Can the UK cancel Brexit? EU court to rule if Britain can revoke Article 50
The bombshell verdict hands a massive victory to Remainers ahead of Parliament’s Brexit vote. Here’s more on the sensational turn of events.
Can the UK cancel Brexit?
European judges are set to rule that Article 50 can be unilaterally revoked by the UK.
The revelation comes after a group of pro-EU politicians challenged claims that the UK could only cancel Brexit if the other 27 member states consented.
The European Court of Justice’s advocate general Manuel Campos Sanchez-Bordona confirmed that Britain has a “sovereign” right to change its mind.
While this guidance from the advocate general is non-binding, it is common for the ECJ to follow his initial advice.
The final ruling on the matter will be delivered on December 10, 2018.

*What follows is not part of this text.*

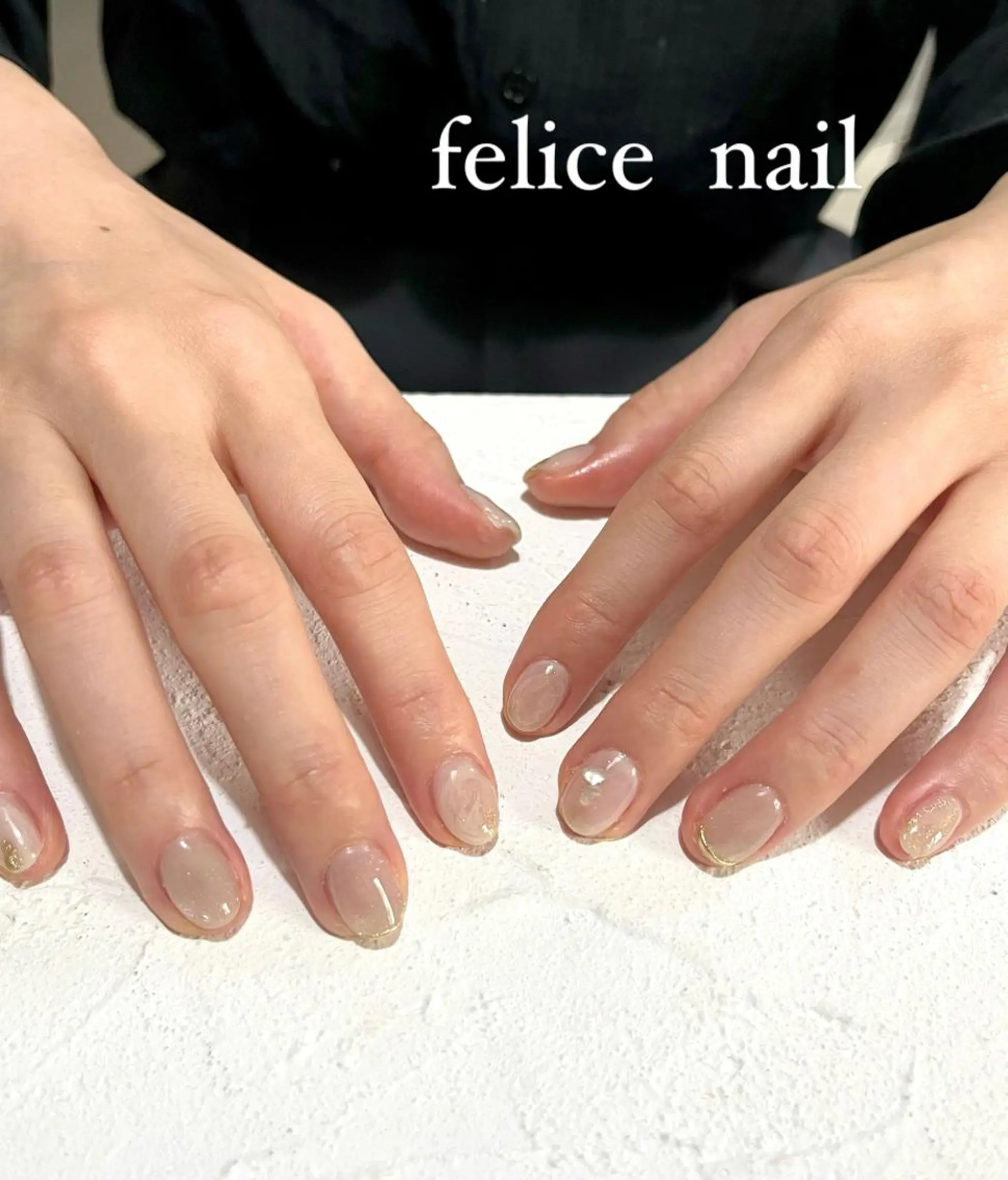 ネイル ゴールド ニュアンスネイル オフィスネイル ショートネイル ブライダルネイル felice nailのネイルデザイン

Who brought the case to the ECJ?
A cross-party group of politicians and campaigners including Green MSPs Andy Wightman and Ross Greer, MEP Alyn Smith and MP Joanna Cherry of the SNP, and Labour MEPs David Martin and Catherine Stihler brought the case together with lawyer Jolyon Maugham QC, director of the Good Law Project.
The group initially took the matter to the Court of Session in Edinburgh, who agreed to pass it to the ECJ.

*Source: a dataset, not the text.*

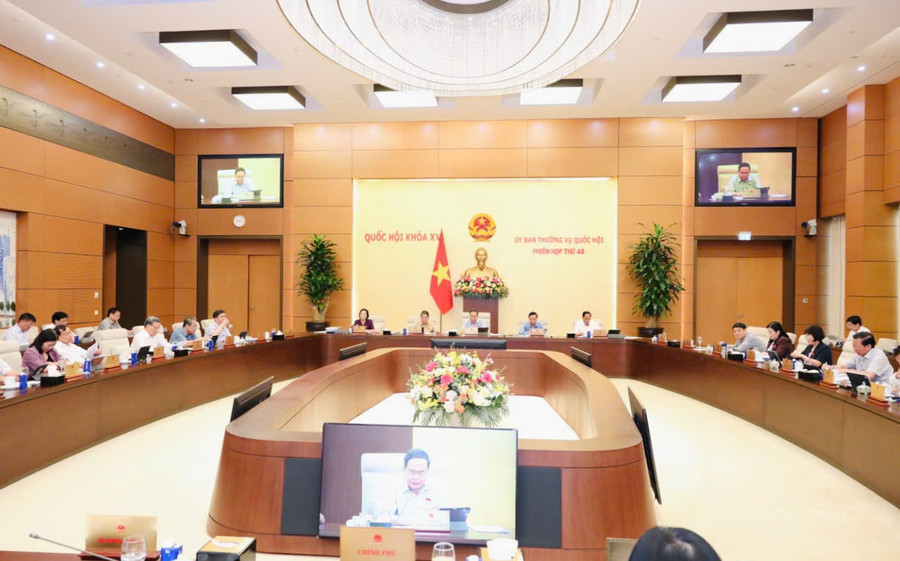 Toàn cảnh phiên họp.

The UK government appealed the referral twice but attempts were rejected in a hearing before all 27 ECJ judges last week.
How would the UK revoke Article 50?
Revoking Article 50 and stopping Brexit would most likely need to be done by an act of parliament.

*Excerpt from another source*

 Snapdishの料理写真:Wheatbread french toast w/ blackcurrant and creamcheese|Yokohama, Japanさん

If it was done by ministers alone using prerogative powers it would frustrate the will of parliament as expressed in the European Union (Withdrawal) Act 2018.
At present, the case concerns revocation of notice to leave, and not a delay or extension of the two-year period provided for under Article 50.
That period can be extended, but only with the agreement of all of the other 27 EU states.
An extension of Article 50 could become a political necessity as negotiations continue to remain in the air.
Stopping Brexit could only really be a reality if the British people voted to remain in the EU in a second referendum.